MSIH Student Volunteers at Negev COVID-19 Testing Center
MSIH Student Volunteers at Negev COVID-19 Testing Center
April 14, 2020
Medical Research, Negev Development & Community Programs
This is an excerpt of an article by Iris Kamenev, who is finishing her first year as a student at Ben-Gurion University’s Medical School for International Health (MSIH). She is originally from Minneapolis, MN and has been living in Israel since 2013.
It started with a story. Something on the news, far away; it would never concern us all the way over here.

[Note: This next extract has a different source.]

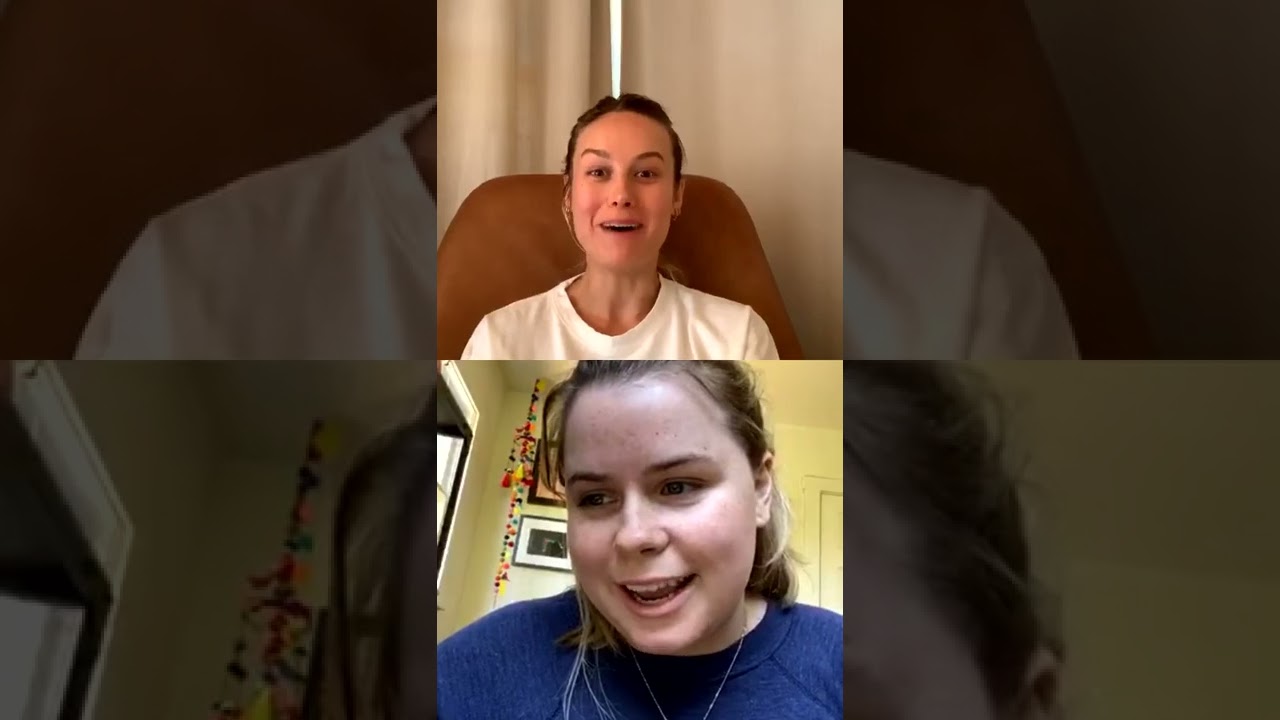 Brie Larson is sharing her feelings through questions and answers in a live session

A different country, a different people.
Irrelevant to our daily lives of walking to class, studying in the library, and sitting on the grass outside the hospital to soak up the post-winter sun.
The world changed quickly, but gradually enough that the new normal glided in rather smoothly.
First, it was the online classes with Zoom lectures, and who could complain about getting to stay in your pajamas all day?
Then the cuts to public transportation, followed by the restrictions on how far you could be from your home. 100 meters is fine, I never got out much anyway…
As the current new rules and regulations pull the drawstring of our lives tighter and tighter, the only excuse I found to be out legally is volunteering at the Corona testing center the city has set up in the Bedouin shuk (market).
The whole thing consists of a few tents – six drive-in lanes – and is mainly run by a couple of Magan David Adom (Israel’s 911) staff and medical student volunteers. Each lane generally has two fully geared volunteers and a soldier. A car will pull up and the masked soldier scans the patient’s ID through the window and prints out a few stickers with their information.
Then the car will pull forward a few more feet, the patient will roll down their window, and one volunteer does a quick nasopharyngeal swab while the other sticks a patient’s label on a vial in which the swab will be deposited, another on a biohazard ziplock, and one on a box specific to the patient’s kupat holim (insurance provider).
Within minutes, a swab has been taken from the patient’s throat and nose, placed into a vial, which is placed into two biohazard bags and into a styrofoam box with other samples, and the car has already driven off, the next one queued up to be checked.
There is a separate tent where volunteers gear up before going into the lanes, easily discernible because everyone walks out looking like they’re about to climb into a space shuttle.